Die Schriftsteller György Konrád und Imre Kertész, auch der Publizist Paul Lendvai, der
Pianist András Schiff und viele mehr, müssen sich seit lange mit regelrechten Kampagnen gegen sie abfinden, in denen ihre kritische Haltung auch oft damit erklärt wird, dass sie als
Juden keine aufrichtigen Gefühle für Ungarn haben. Ein uralter Vorwurf, der in der entgeistigten Athmosphäre des heutigen Ungarn wieder wunderbar anzukommen scheint.

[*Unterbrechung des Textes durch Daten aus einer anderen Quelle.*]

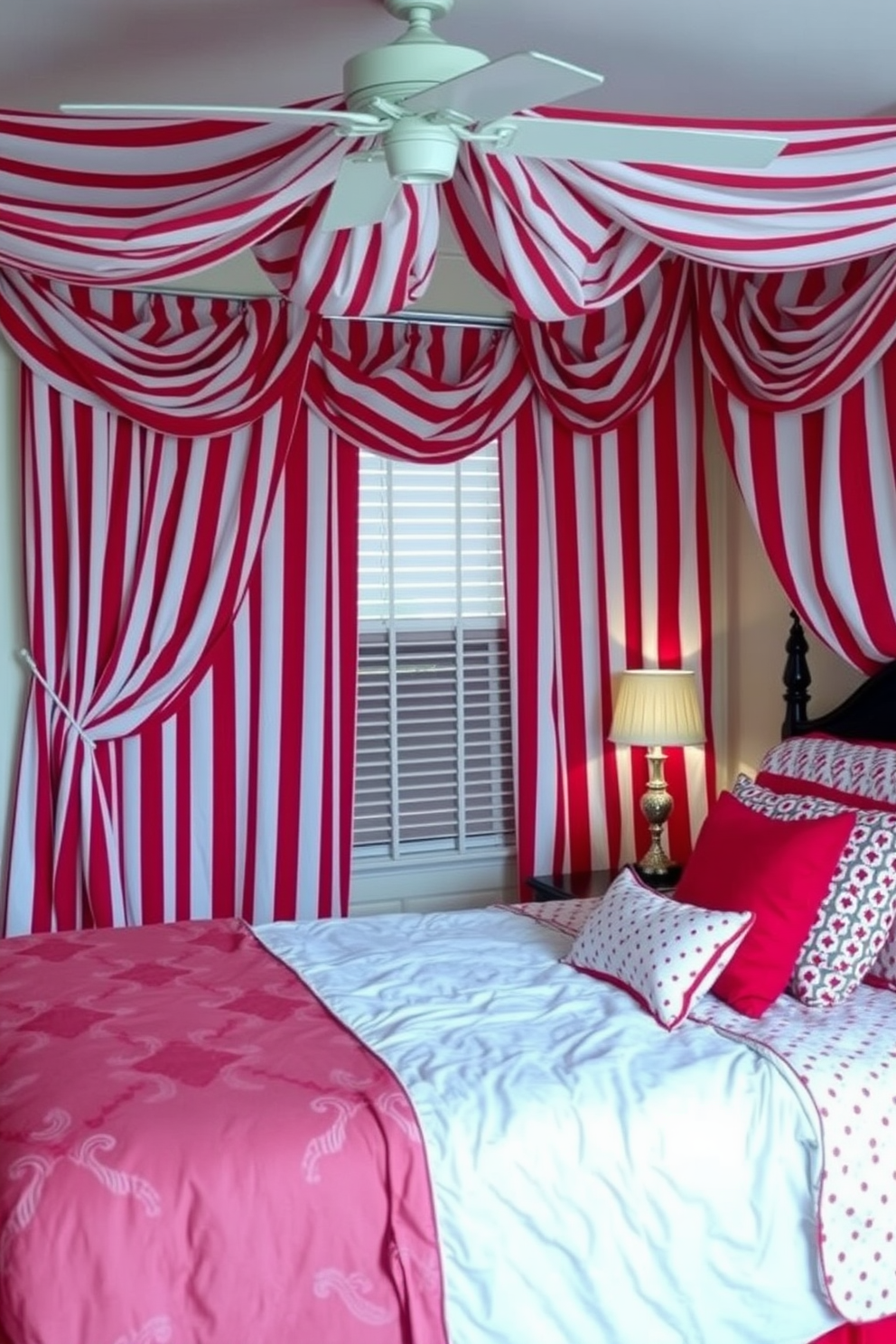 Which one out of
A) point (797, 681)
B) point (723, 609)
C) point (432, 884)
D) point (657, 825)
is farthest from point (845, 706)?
point (432, 884)

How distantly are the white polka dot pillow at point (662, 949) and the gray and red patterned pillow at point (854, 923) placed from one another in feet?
0.55

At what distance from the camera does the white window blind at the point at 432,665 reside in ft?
14.5

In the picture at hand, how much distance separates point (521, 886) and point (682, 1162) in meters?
2.15

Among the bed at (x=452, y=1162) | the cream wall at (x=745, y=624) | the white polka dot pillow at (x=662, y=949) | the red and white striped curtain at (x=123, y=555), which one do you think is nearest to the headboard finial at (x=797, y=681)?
the cream wall at (x=745, y=624)

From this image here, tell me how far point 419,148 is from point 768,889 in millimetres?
1586

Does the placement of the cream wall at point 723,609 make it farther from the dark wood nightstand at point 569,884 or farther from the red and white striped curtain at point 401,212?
the red and white striped curtain at point 401,212

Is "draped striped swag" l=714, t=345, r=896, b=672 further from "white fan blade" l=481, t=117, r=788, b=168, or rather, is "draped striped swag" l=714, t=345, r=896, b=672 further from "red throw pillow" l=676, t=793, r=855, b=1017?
"white fan blade" l=481, t=117, r=788, b=168

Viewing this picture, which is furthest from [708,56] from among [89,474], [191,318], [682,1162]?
[682,1162]

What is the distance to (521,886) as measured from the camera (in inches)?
178

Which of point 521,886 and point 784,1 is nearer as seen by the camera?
point 784,1

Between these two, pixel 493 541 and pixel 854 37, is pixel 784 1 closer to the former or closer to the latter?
pixel 854 37

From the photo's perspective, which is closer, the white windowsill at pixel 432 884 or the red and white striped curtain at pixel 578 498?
the red and white striped curtain at pixel 578 498

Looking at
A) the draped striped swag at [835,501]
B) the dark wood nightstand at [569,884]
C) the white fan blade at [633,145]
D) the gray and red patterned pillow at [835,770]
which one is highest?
the white fan blade at [633,145]

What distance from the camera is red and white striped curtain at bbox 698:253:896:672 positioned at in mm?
3646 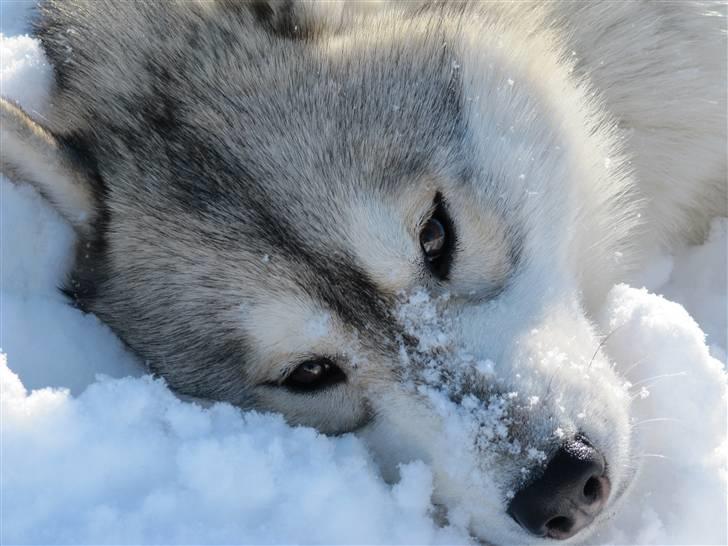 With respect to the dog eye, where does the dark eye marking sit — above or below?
above

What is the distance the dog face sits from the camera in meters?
2.11

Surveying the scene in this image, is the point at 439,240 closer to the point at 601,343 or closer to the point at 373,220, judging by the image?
the point at 373,220

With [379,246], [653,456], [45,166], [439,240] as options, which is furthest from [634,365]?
[45,166]

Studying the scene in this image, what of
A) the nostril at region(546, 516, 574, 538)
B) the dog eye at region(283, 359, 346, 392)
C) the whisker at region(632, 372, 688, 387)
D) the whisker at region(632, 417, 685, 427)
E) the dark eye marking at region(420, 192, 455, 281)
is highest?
the dark eye marking at region(420, 192, 455, 281)

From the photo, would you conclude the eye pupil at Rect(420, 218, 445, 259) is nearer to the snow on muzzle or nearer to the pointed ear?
the snow on muzzle

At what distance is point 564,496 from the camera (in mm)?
1954

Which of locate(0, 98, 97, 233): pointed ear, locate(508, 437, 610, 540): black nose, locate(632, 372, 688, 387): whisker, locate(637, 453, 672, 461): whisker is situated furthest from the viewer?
locate(0, 98, 97, 233): pointed ear

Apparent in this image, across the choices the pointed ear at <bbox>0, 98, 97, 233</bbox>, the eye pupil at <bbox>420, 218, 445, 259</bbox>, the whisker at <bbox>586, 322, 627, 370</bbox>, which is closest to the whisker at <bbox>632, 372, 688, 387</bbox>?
the whisker at <bbox>586, 322, 627, 370</bbox>

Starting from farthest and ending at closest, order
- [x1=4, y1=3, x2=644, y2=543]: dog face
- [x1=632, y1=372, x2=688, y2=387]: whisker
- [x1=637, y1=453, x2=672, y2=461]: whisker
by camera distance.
→ [x1=632, y1=372, x2=688, y2=387]: whisker → [x1=637, y1=453, x2=672, y2=461]: whisker → [x1=4, y1=3, x2=644, y2=543]: dog face

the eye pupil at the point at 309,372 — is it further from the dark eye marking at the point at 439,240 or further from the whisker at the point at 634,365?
the whisker at the point at 634,365

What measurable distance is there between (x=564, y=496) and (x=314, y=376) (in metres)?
0.82

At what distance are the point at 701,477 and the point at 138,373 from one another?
5.50 feet

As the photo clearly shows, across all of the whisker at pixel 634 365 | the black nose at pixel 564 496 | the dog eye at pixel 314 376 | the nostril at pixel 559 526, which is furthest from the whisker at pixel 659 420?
the dog eye at pixel 314 376

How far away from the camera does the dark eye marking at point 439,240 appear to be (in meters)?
2.30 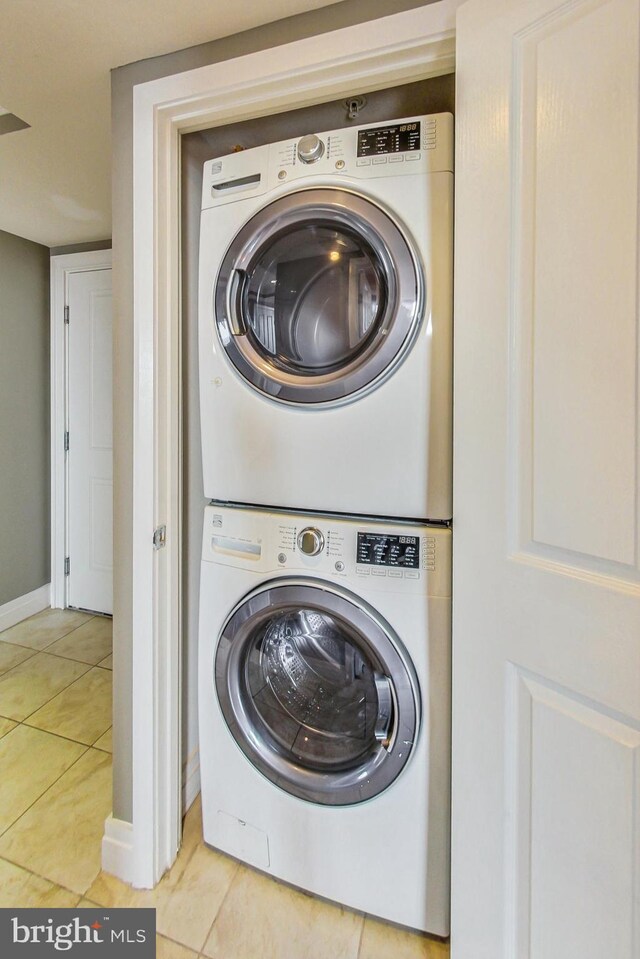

Nun ist Orbán ganz sicher kein Rassist, im Gegenteil, er gehört auch in anderen Fragen durchaus zu den toleranteren Vertretern seiner Partei. Orbán ist aber jemand, der
politische Strömungen und Stimmungen eiskalt für eigene Interessen nutzt. Schwer zu entscheiden, was schlimmer ist. Ein Mensch, der einen ehrlich hasst oder ein Gegenüber,
der einem ins Gesicht lügt.
MTI auf Regierungslinie
Ganz im Sinne des neuen Mediengesetzes agierte die Nachrichtenagentur MTI bei der
Wiedergabe des Treffens. In der für die internationalen Medien gedachten englischen Aussendung, fand Kantors Kritik an der Toleranz gegenüber Jobbik, die in der
Pressemitteilung des EJC einen der Schwerpunkte bildet, keine Erwähnung, die Betonung lag vor allem auf Orbáns Absichtserklärungen. Der Text entpsrach in etwa dem, was Orbán
auf seiner eigenen offiziellen Seite kundtun ließ. MTI - das zukünftig lt. Mediengesetz der einzige Nachrichtenlieferant für den öffentlich-rechtlichen Rundfunk sein wird - bezog sich
auch auf eine durch Orbáns Ratspräsidentensprecher Bertalan Havasi übermittelte Aussage des Ministerpräsidenten, die politische Atmosphäre für Juden in Ungarn, einschließlich einer
freundlichen öffentlichen Grundhaltung ihnen gegenüber, habe sich in der letzten Zeit verbessert. In einem solchen Fahrwasser bewegte sich auch die Einschätzung des für Kultur
zuständigen Staatsministers Géza Szőcs auf der Anhörung ungarischer Minister und Staatssekretäre vor dem EU-Parlament. Sie wurde nur noch getoppt von den Aussagen der
Bildungsstaatsekretärin Hoffmann, zur diskriminierungsfreien Bildung für Romakinder in Ungarn. Aber das ist schon wieder ein ganz anderes, wenn auch sehr ähnliches Thema.
Simon Rahdes / red.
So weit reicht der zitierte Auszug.